Exercise goal: Copy out, exactly and with nothing else, the stretch of lines that starts at the line containing "Glam Upholstered Velvet" and finishes at the end of the data.

Material to process:
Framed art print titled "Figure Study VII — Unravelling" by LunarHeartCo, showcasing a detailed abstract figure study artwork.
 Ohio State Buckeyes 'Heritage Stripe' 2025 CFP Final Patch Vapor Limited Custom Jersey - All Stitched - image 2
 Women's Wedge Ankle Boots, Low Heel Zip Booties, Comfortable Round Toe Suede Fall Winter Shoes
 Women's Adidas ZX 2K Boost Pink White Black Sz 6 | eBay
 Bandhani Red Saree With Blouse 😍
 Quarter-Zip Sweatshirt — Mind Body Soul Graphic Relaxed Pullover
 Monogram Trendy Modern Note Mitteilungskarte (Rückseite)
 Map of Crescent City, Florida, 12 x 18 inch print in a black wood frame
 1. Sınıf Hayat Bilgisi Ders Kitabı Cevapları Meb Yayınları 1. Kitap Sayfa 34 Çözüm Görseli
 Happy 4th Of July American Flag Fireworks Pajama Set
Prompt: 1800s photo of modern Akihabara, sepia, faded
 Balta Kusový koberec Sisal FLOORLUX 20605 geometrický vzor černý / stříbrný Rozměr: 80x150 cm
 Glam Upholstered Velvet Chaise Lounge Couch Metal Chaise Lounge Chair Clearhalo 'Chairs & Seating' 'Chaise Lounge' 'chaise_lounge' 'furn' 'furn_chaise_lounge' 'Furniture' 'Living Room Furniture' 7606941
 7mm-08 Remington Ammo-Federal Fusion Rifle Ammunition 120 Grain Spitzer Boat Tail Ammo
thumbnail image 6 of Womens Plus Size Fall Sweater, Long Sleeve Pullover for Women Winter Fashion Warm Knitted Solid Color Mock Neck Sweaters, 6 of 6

Response to this exercise:
 Glam Upholstered Velvet Chaise Lounge Couch Metal Chaise Lounge Chair Clearhalo 'Chairs & Seating' 'Chaise Lounge' 'chaise_lounge' 'furn' 'furn_chaise_lounge' 'Furniture' 'Living Room Furniture' 7606941
 7mm-08 Remington Ammo-Federal Fusion Rifle Ammunition 120 Grain Spitzer Boat Tail Ammo
thumbnail image 6 of Womens Plus Size Fall Sweater, Long Sleeve Pullover for Women Winter Fashion Warm Knitted Solid Color Mock Neck Sweaters, 6 of 6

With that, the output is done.